> TASK TO COMPLETE
Each record below is to be retyped exactly, with its pictures omitted.

══ SOURCE INFORMATION

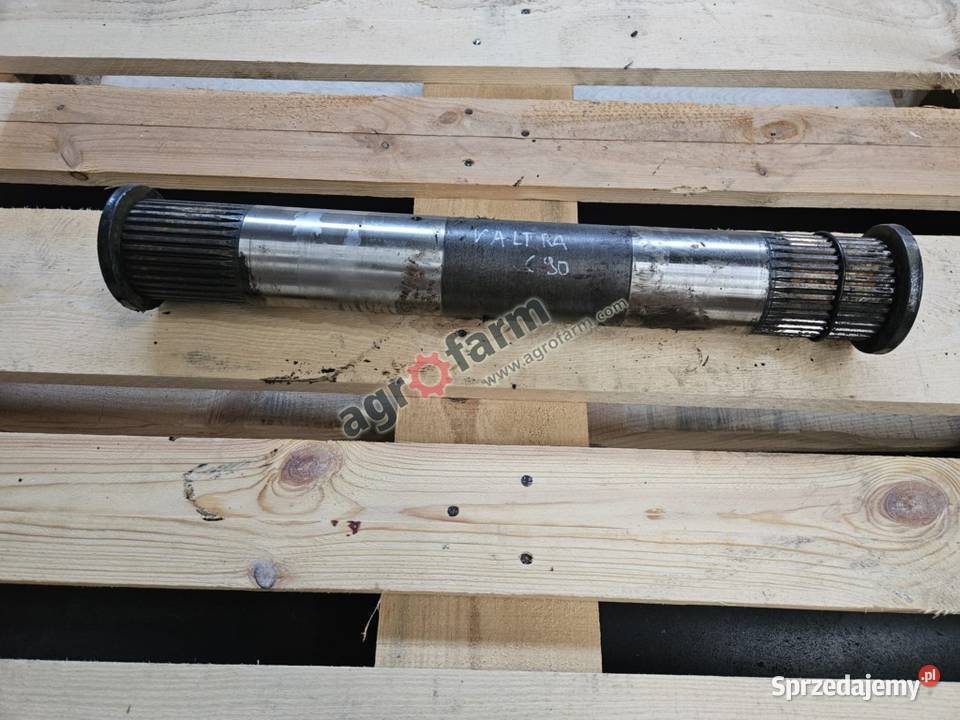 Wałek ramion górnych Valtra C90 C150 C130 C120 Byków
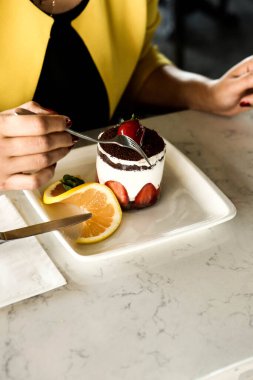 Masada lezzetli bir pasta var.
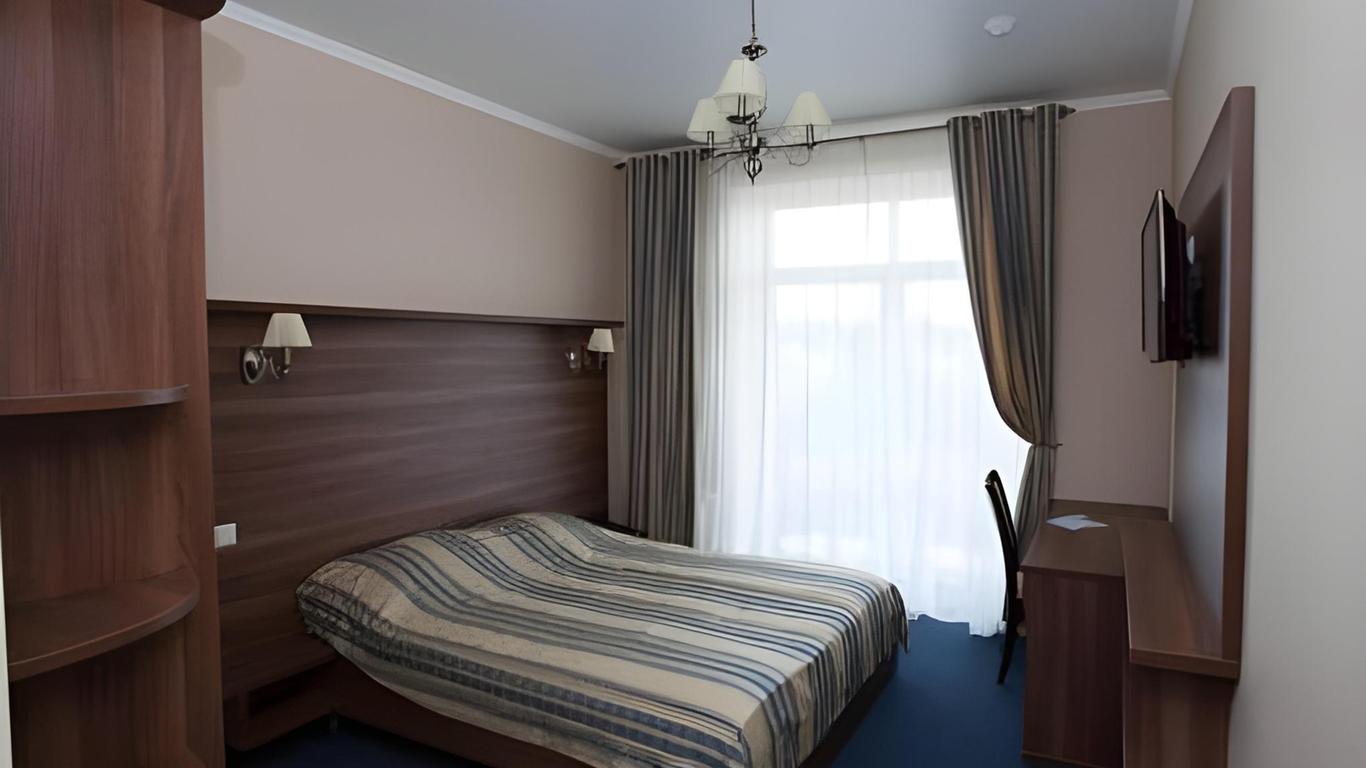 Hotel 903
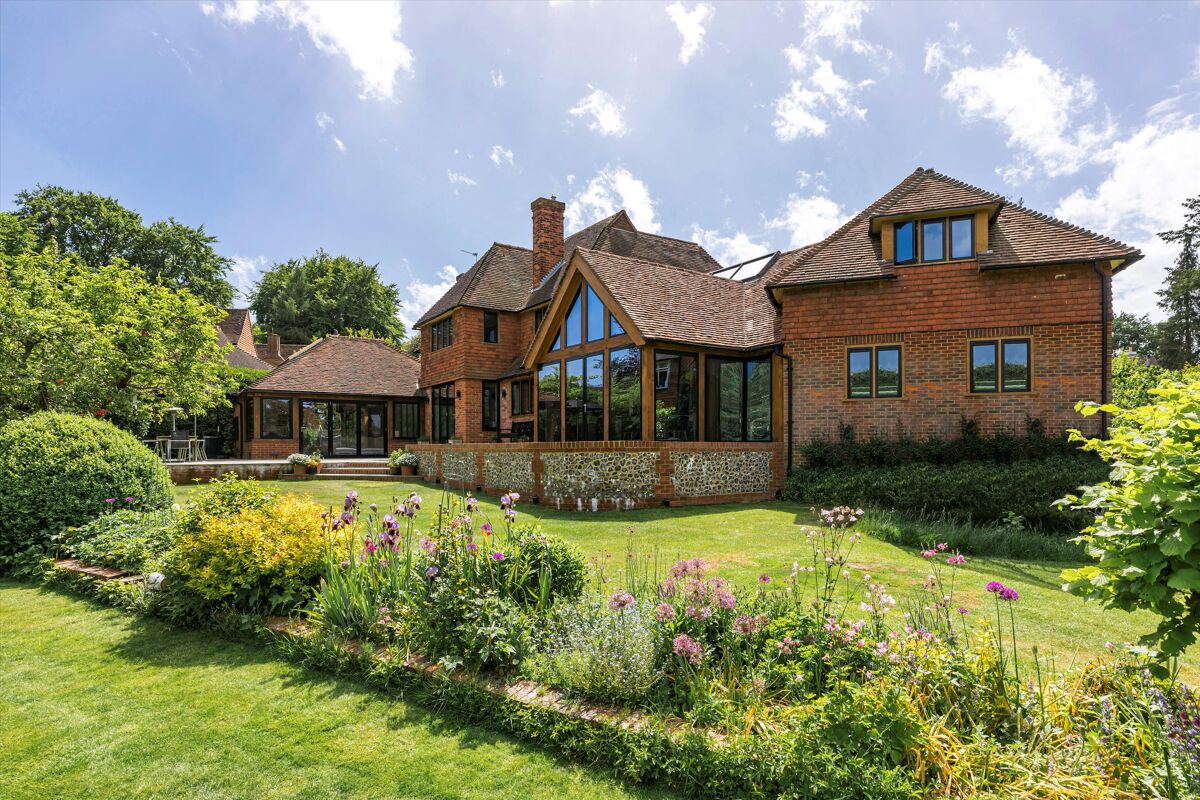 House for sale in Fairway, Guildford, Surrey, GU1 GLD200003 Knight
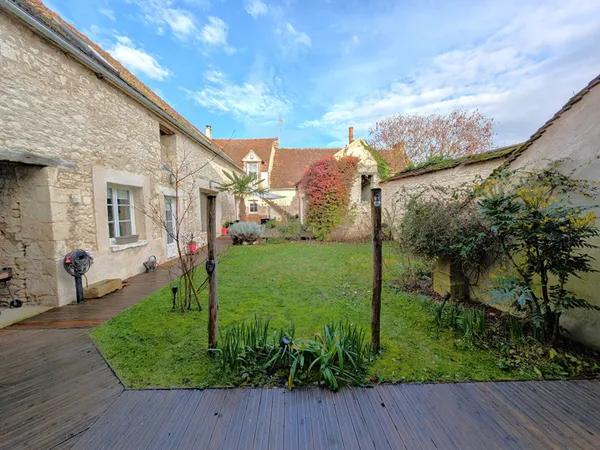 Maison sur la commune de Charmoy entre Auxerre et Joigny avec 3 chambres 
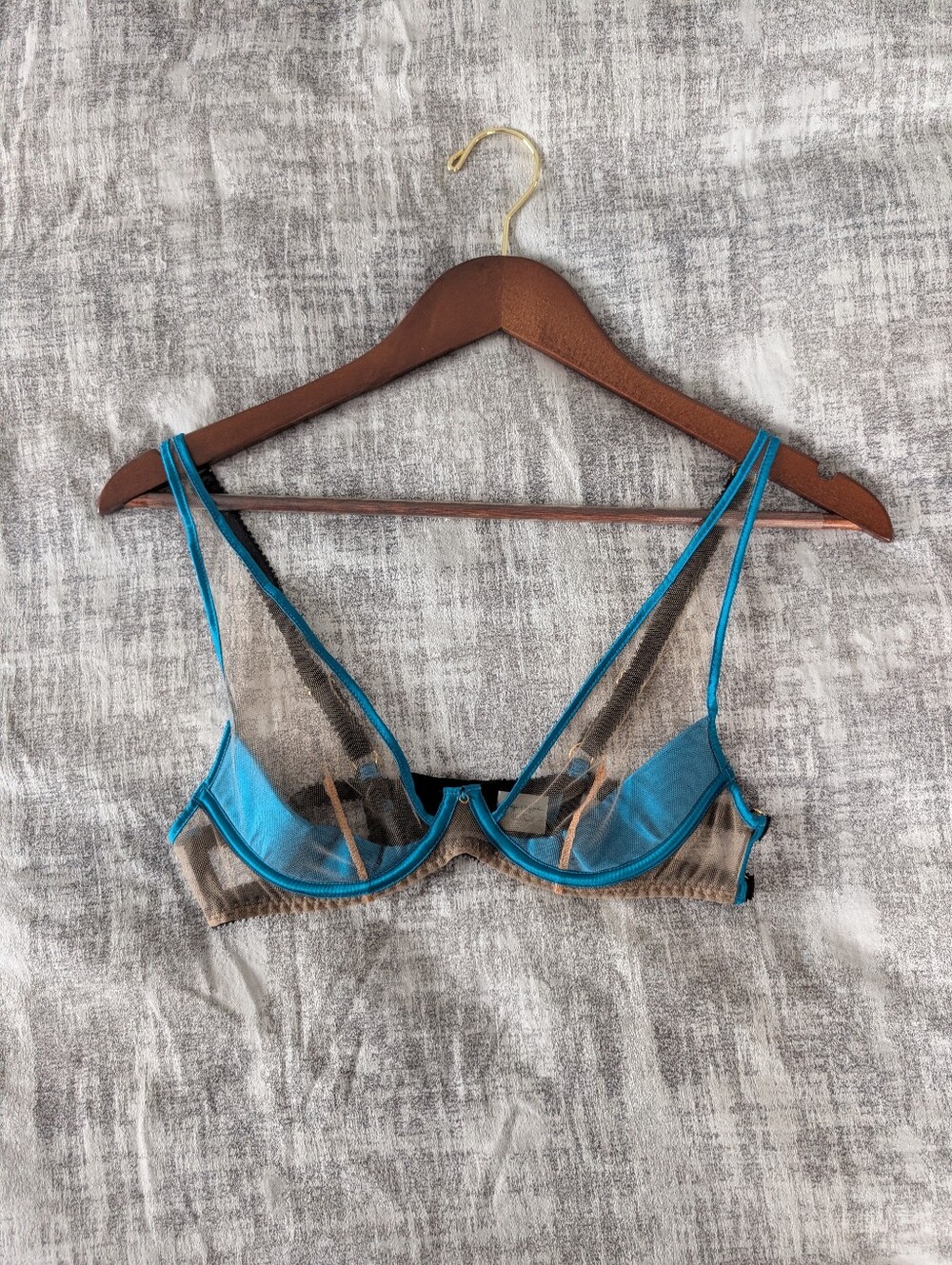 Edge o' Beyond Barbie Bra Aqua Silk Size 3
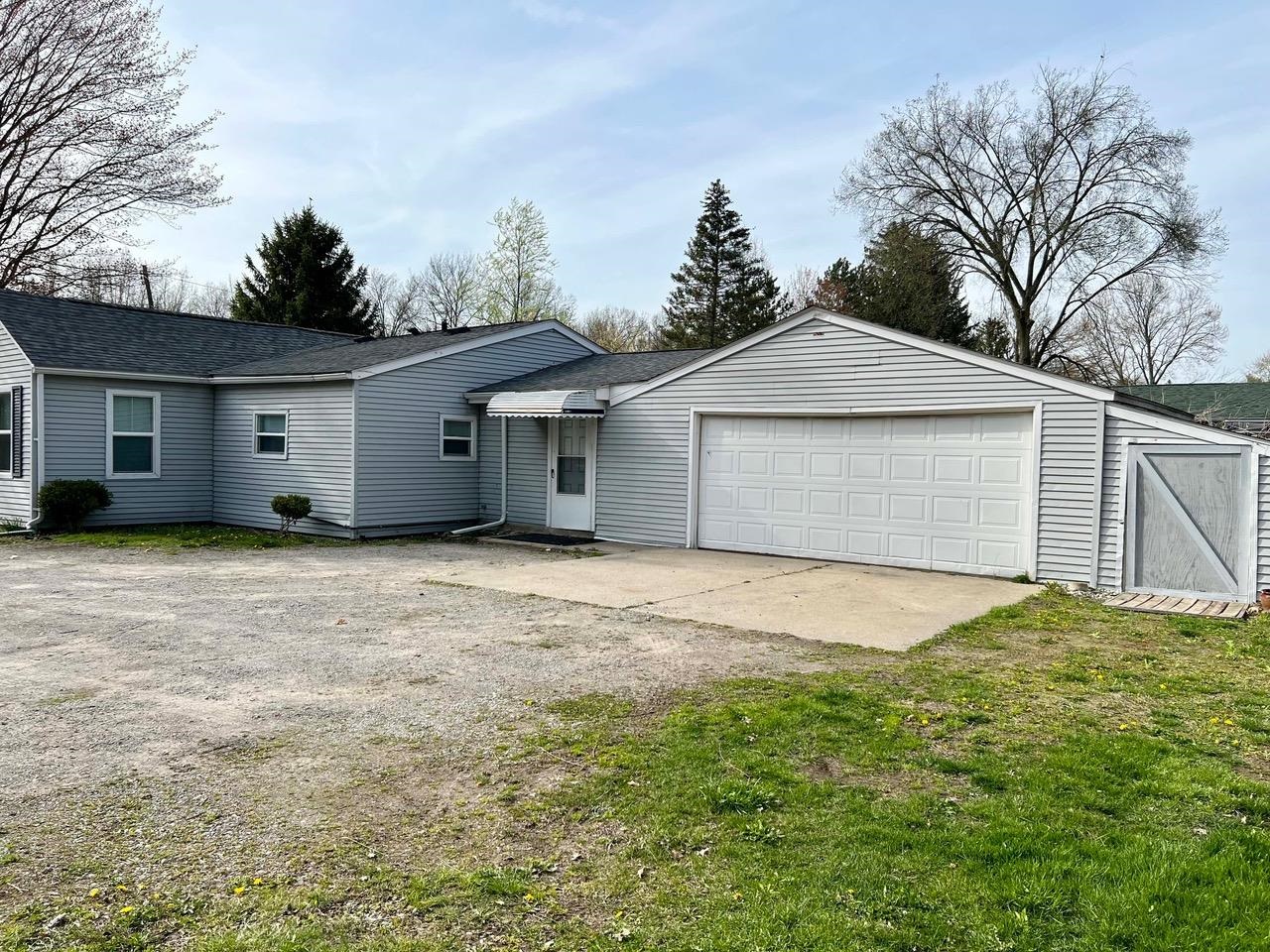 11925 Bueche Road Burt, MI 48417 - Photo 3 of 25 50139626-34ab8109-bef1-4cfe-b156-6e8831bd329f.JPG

════

> ANSWER FOR THE TASK
 Wałek ramion górnych Valtra C90 C150 C130 C120 Byków
 Masada lezzetli bir pasta var.
 Hotel 903
 House for sale in Fairway, Guildford, Surrey, GU1 GLD200003 Knight
 Maison sur la commune de Charmoy entre Auxerre et Joigny avec 3 chambres 
 Edge o' Beyond Barbie Bra Aqua Silk Size 3
 11925 Bueche Road Burt, MI 48417 - Photo 3 of 25 50139626-34ab8109-bef1-4cfe-b156-6e8831bd329f.JPG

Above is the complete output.